Surprisingly, the recession is not stopping new places from opening. In the last couple of months at least five new restaurants have opened in Cincinnati and Northern Kentucky. One, Troy’s Café in West Chester, seems to have opened because of it. Troy Meyer started planning the restaurant last December, the month the Bureau of Labor Statistics revealed that 533,000 jobs had been lost in November alone.
“We wanted to create something economical, fresh and friendly,” he says. “I could have recreated a Mesh, but I asked myself, ‘What would work in the space we have and the community we’re in?’ West Chester didn’t need another stuffy sit-down restaurant.”
Instead, he opened Troy’s Café, the ideal recession spot, where everything is under $9, including classic comfort food like spaghetti and meatballs and fish and chips. It’s the quintessential mom and pop restaurant. Meyer’s mom is front staff, his wife marketing and his dad facilities manager.

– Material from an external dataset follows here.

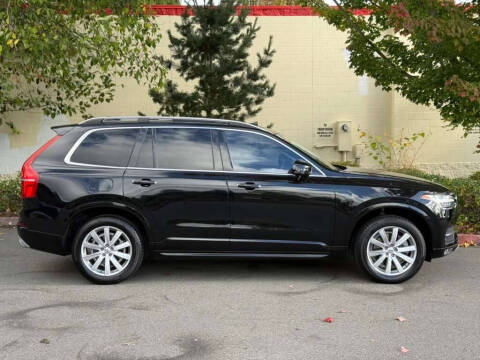 2017 Volvo XC90 T6 Momentum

“At least, we call him that,” Meyer says. “Dad’s pretty handy.”
Meanwhile, Virgil’s Café in Bellevue opened its doors in March. With characteristic humor, owner Matthew Buschle says, “There’s no good reason why we opened. Three years ago, when we started planning, everything was going along swimmingly. You’ve got funding. You’ve worked out all that stuff. You can’t really go back and say, ‘Hey, I think I’m going to stop now.’ I really do believe there’s a certain amount of ‘ignorance is bliss’ in this. I don’t read newspapers. I don’t listen to the radio.”
The ignorance seems to be working. Recently, Virgil’s had a two-hour wait on both Friday and Saturday night.
Buschle has a theory about why people may keep going to restaurants even in a recession.
“The majority of consumers are so far removed from their food and food supply that they don’t have the wherewithal, time or energy to provide that for themselves on a daily basis,” he says.
Maybe eating out is no longer considered a luxury for everyone. For those who hate to cook, or don’t feel like they know how, it might be a necessity. After all, we have to eat.
Dwight, who’s also a restaurant consultant, says he would never open a restaurant in this economy.
“Especially if you’re on the luxury end, it’s the worst time since the Great Depression to open a restaurant in Cincinnati,” he says.
Even a restaurant on the casual end should give money back to investors instead of going through with it, Dwight says.
“Casual dining has been hit dramatically,” he says. “Even if people are going for comfort food, you can prepare those at home. The real question is, ‘Do people see the value in the convenience end of things?’ ”
That’s a difficult question for anyone to answer right now, but in some cases economics don’t seem to matter. Restaurants sometimes stay open even when they’re barely breaking even, and successful restaurants sometimes shut down because the owners get bored. Some restaurants are ventures of the heart, and the reasons for opening and closing them can be as complicated as the reasons for falling in and out of love.
Gajah Wong will continue to stay open for at least a few more months, offering its passion for Indonesia, rare cuisine and an outdoor bar and garden that is considered one of the best in the city. But Congdon says that even if he doesn’t find a buyer he’ll be gone by the end of summer.